The crime didn’t happen in West Seattle, but the resolution did, with the assistance of Southwest Precinct officers, and Zach (a WS resident) wanted to share the story:
3 days ago, on Christmas eve-eve, downtown underneath the viaduct, someone smashed my wife and I’s car window and absconded with our ski bag.
In the bag: ski boots, pants, jacket, etc. An intolerable expense to replace. However, as the days went by it was less about losing the “stuff,” as it’s just stuff, and instead, the angst hinged on the nuisance of the insurance claim and getting the glass repaired, and above all, the feeling of obtrusion my wife and I felt. Our karma, we thought, was past due. Insert the SPD.

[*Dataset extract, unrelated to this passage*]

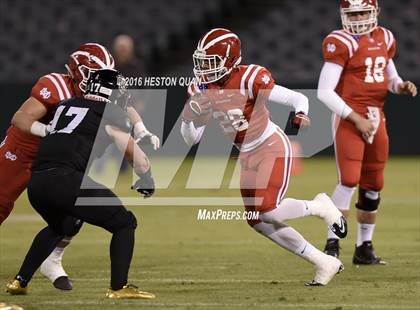 Thumbnail 2 in Servite vs. Mater Dei photogallery.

Yesterday, the day after Christmas, I perused OfferUp (a safer Craigslist) for my recently stolen ski boots. Alas, there they were! I messaged the “owner” of my boots and he agreed to sell me the boots. Amazingly, I got him to meet me at the Home Depot right across the street from the Southwest Precinct. I called the precinct for help and I was quickly connected with Larry Longley, to whom I divulged my story. He asked us, an hour before I was to meet the ski boot “owner,” to stop by the Precinct to see how SPD could help me safely retrieve my ski boots.
In addition to Larry Longley: Officers Andre Constantine, Jack Johns, Ryan Levens, Garth Lindelef, and Ken Mazzuca were there with my wife and I at the precinct. They were gracious with their time, curious, and extremely helpful. They were fervent in their mission to help law-abiding citizens, yet were buckled by bureaucracy. They unmasked my issue as thus: I could not prove these boots were mine (disclaimer, take a picture of all your valuables) and because we couldn’t prove the man meeting me stole them, we were stuck on how to proceed.
With the officer’s guidance, we devised a plan and operated within the boundaries of the law: I was to go meet the “owner” (thief) and ask him a barrage of ski-related questions – that he clearly wouldn’t be able to answer – in order to fluster and redirect him, all the while, the officers did a civil standby (an amazing service I had no idea existed) to make sure I wasn’t harmed. It worked flawlessly. With the police officers behind me, I effectively confronted the thief and got him to admit the boots weren’t his, I then gave the thief $10 to complete a transaction so he wouldn’t file a complaint of theft (incredulous, right?) and I victoriously went on my way.
Thank you Seattle Police Department, for your patience and inclination to help. Keep up the good work!!!